Den hier beschriebenen Kuchen verdanken wir unserer Freundin Marlies, die Wurzeln in Schlesien oder irgendwo dort hat. Jedenfalls kam dieser Kuchen nach dem Zweiten Weltkrieg auf familiärem Weg in die Schweiz. Er heisst auch Beerdigungskuchen, vielleicht, weil der Mohn so schön schwarz ist. Und weil man problemlos grosse Mengen davon backen kann. Beerdigungen ziehen ja traditionell viel hungriges Volk an. In anderen Teilen Deutschlands nennt man Mohnkuchen wenig überraschend auch Hochzeitskuchen. Hochzeiten und Beerdigungen richten sich im Wesentlichen an dieselbe Klientel.
Ich gebe zu, ich habe ihn nicht selber gebacken, sondern stand diesmal Pate. Backen ist weniger meins. Das Rezept, so wie es sich hier darstellt, leicht abgewandelt vom Original, stammt von unserem Hausfreund Gian Carlo, der derzeit auf Wohnungssuche ist (falls Sie gerade von einer freien Wohnung wüssten). Bis er auszieht, kocht und backt er fleissig, was an sich ganz angenehm ist. Vielleicht fühlt sich Gian Carlo derzeit etwas wie die schlesischen Vorfahren von Marlies, die nach dem Krieg aus ihrer Heimat fliehen mussten und ausser Rezepten nicht viel im Gepäck hatten.
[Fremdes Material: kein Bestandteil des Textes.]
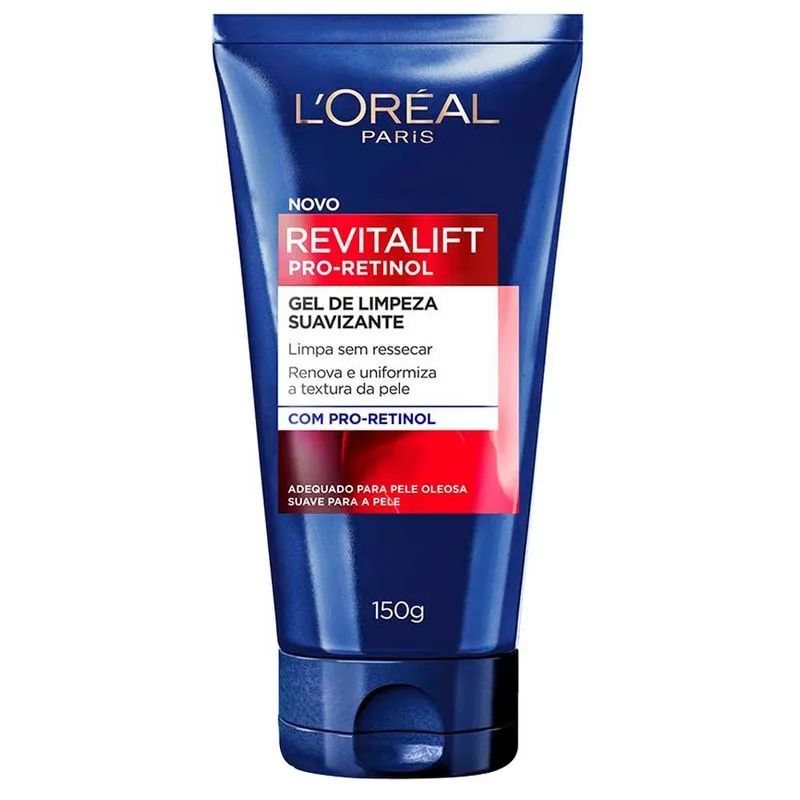 Gel de Limpeza Facial Suavizante L'oréal Paris Revitalift Retinol 150g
Eine Anmerkung zum Mohn: In den meisten Rezepten wird nach gemahlenem Mohn verlangt. Das ist hierzulande wohl eine Prozedur, nach der man gesondert verlangen muss. Ich persönlich mag das Gefühl, den Mohn mit meinen eigenen Zähnen zu mahlen. Ähnlich sehen das auch diverse Rezeptautorinnen, es wird also nicht überall auf vorgängigem Mahlen bestanden.
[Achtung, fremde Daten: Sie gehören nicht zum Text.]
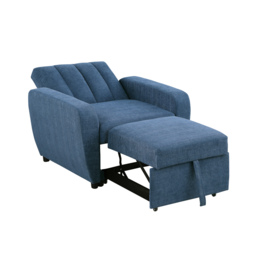 Gibson - Chair Sofa Bed - Blue - Fabric - Single Chair - Make It Homely - thumbnail 4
Schlesischer Mohnkuchen mit Streuseln
Zutaten für den Teig: 200 ml Milch, 1 Hefewürfel, 500 g Mehl, 2 Eier, 100 g Zucker, 100 g Butter
Für die Mohnmasse: 500 g Mohn (ganz oder gemahlen), 250 g Butter, ca. 250 g Zucker, 2 EL Griess, 2–3 EL Honig, 100 g oder etwas mehr gehackte Mandeln, eine Handvoll oder überhaupt keine Rosinen, 2 Eier
Für die Streusel: 60 g Zucker, 1 Päckli Vanillezucker, 200 g Mehl, 0,5 TL Zimt, 125 g Butter
Die Milch für den Teig leicht erwärmen, den Hefewürfel darin auflösen.
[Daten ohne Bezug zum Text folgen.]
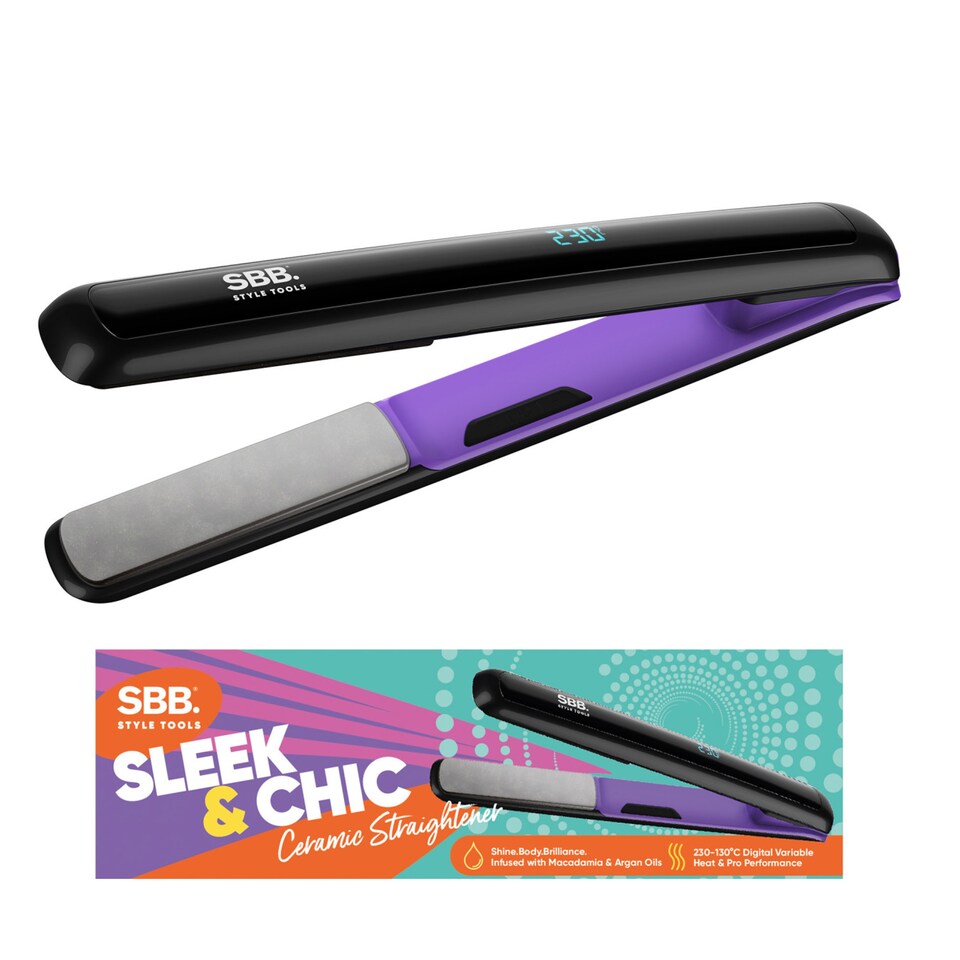 image 1 of SBB Sleek & Chic Ceramic Hair Straightener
Das halbe Kilo Mehl, die beiden Eier, den Zucker und die im Pfännchen flüssig gemachte Butter zusammen mit der Milch zu einem Teig verarbeiten. An einem warmen Ort zugedeckt eine Stunde aufgehen lassen.
Derweil die Mohnmasse vorbereiten: den gemahlenen oder nicht gemahlenen Mohn, die flüssig gemachte Butter, den Zucker (mit etwas weniger anfangen, später abschmecken), Griess, Honig, Mandeln, die verwendeten oder weggelassenen Rosinen im Wasserbad kochend unter Rühren eins werden lassen.
Die heisse Masse etwas auskühlen lassen, dann beide Eier einrühren.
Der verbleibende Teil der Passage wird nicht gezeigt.